Le fait que Lutz ait survécu si longtemps chez GM, malgré sa tendance à dire ce qu'il pense tout haut, en fait une énigme et une exception. Ce n'est pas pour rien que Fritz Henderson l'a sorti de sa retraite et l'a nommé comme vice-président.

Mais comme le savent tous les Canadiens qui ont déjà travaillé pour une multinationale américaine, on ne contredit pas le président.

Et quand le magazine Autoblog a demandé à M. Henderson de commenter cette contradiction entre ses propos et ceux de M. Lutz, il a d'abord répondu avec diplomatie : prendre une auto existante et la recommercialiser sous un autre nom ne marche pas, a-t-il dit. «Je ne crois pas à ça. On a jeté un coup d'oeil pour voir s'il y aurait un potentiel en tant que voiture de police; ça n'ira pas plus loin.»
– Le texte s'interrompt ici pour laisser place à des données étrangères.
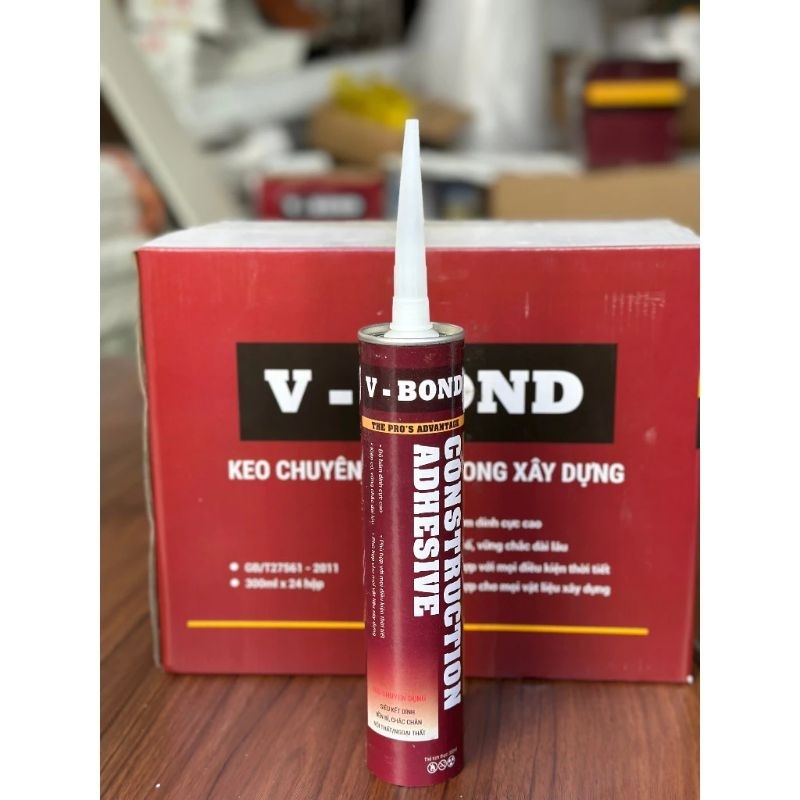 Keo V-bond chuyên dụng dán nhựa ốp tường,len nẹp inox,dán gương kính ...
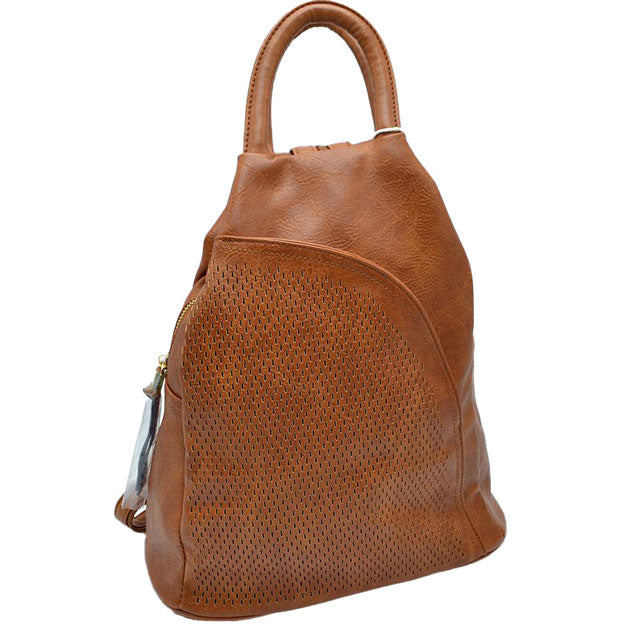 Brown The Laser Cut System Has a Distinguished Look Bag, that helps reduce the weight of traditional packs. This pack has pockets to help organize different types of gear. The padded mesh shoulder straps and back padding add additional comfort for extended use. Extensive system includes Laser Cut and Standard Hydration compatible with laptop compartment Constructed of heavy weight.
Mais selon le magazine Jalopnik.com, M. Henderson a ajouté ceci : «Bob Lutz dit toutes sortes d'affaires. Mais il travaille pour moi

Hier, Bob Lutz a acquiescé le message du boss. Dans son blogue, il a écrit qu'il croit toujours que la G8 est un produit formidable, mais qu'après avoir étudié en profondeur le dossier, «la G8, en fin de compte, ne deviendra pas la Caprice».

M. Lutz écrit que le plan d'affaires d'une telle voiture ne marche pas, «pas dans le marché d'aujourd'hui, pas dans l'économie actuelle, pas avec le prix de l'essence qui s'en vient.» Et pas avec un boss qui n'en veut pas.